[Image-text web data]
++++++

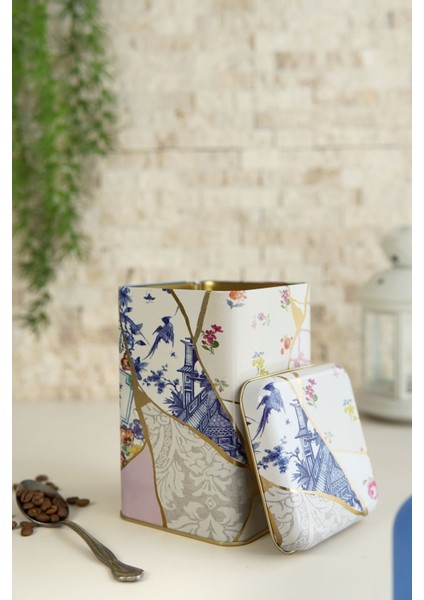 ER022-4I Kint Sugi File Desenli Kare Metal Saklama Kabı 11X11 cm fiyatları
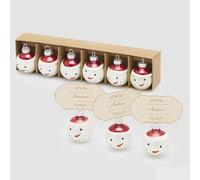 EDG Enzo De Gasperi Addobbo Boule Hommes Neige de Noël Verre Ass. D 4 Cm Cf 6 Pcs Blanc Rouge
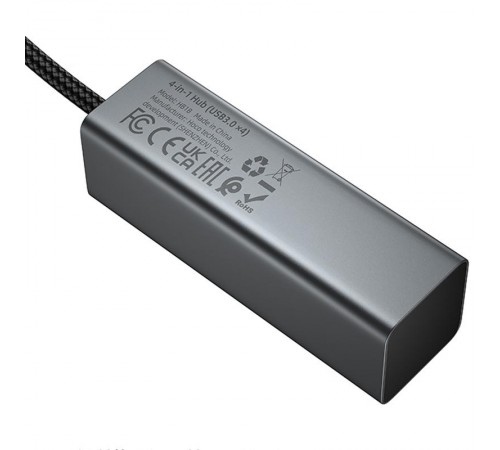 Перехідник HUB Hoco HB1B 4in1 (USB to 4xUSB 3.0) (1m) Metal gray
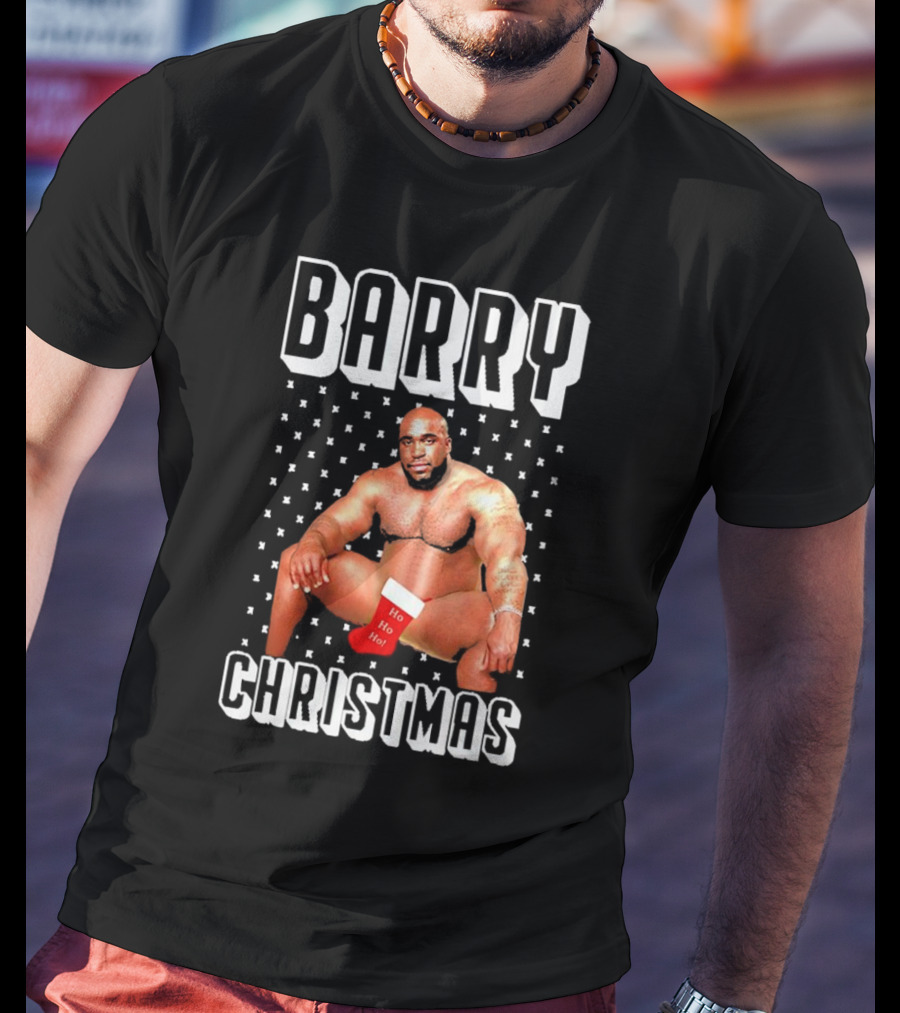 Barry Christmas Ho Ho Ho Stocking Holiday T-Shirt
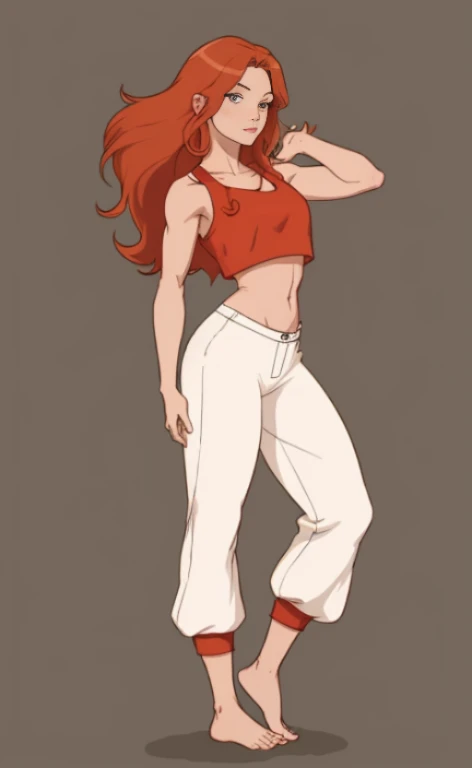 A beautiful barefoot redhaired woman wearing harempants and a croptop.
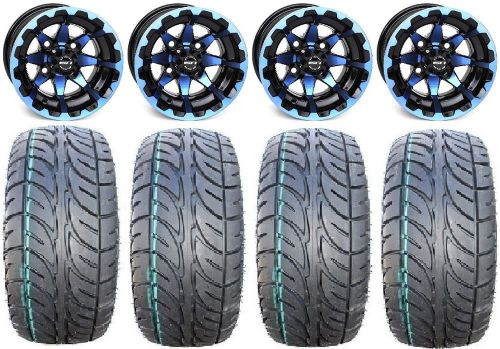 Sti hd6 blue/black golf wheels 12&#034; fusion 205x30-12 tires e-z-go &amp; club car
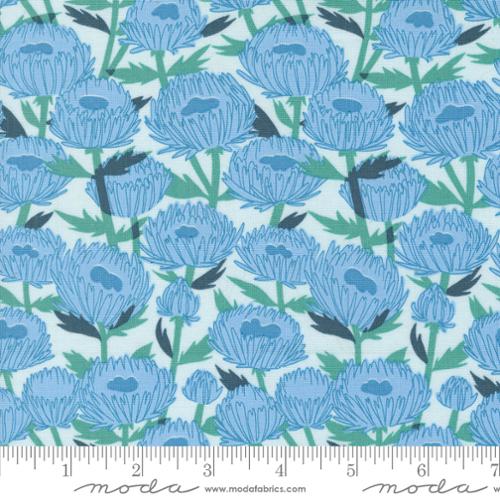 Love Letter LIzzy House Moda Fabrics quilting cotton light sky blue background with boy blue flowers Chrysanthemums mums and medium blue center floral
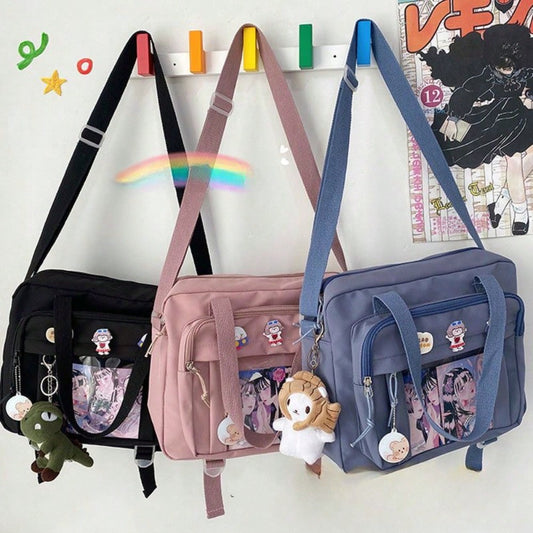 Japanese High School Girls JK Bag Transparent Handbags Book Bag Satchels Shoulder Bag Itabag Big Crossbody Bags Women Ita Bag, Street & Japanese Style Women Bag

++++++

● Directions for this task: Retype only the lines above from the one with "EDG Enzo De" through the one with "Love Letter LIzzy", exactly and with both ends. Images stay out.

● Written solution:
 EDG Enzo De Gasperi Addobbo Boule Hommes Neige de Noël Verre Ass. D 4 Cm Cf 6 Pcs Blanc Rouge
 Перехідник HUB Hoco HB1B 4in1 (USB to 4xUSB 3.0) (1m) Metal gray
 Barry Christmas Ho Ho Ho Stocking Holiday T-Shirt
 A beautiful barefoot redhaired woman wearing harempants and a croptop.
 Sti hd6 blue/black golf wheels 12&#034; fusion 205x30-12 tires e-z-go &amp; club car
 Love Letter LIzzy House Moda Fabrics quilting cotton light sky blue background with boy blue flowers Chrysanthemums mums and medium blue center floral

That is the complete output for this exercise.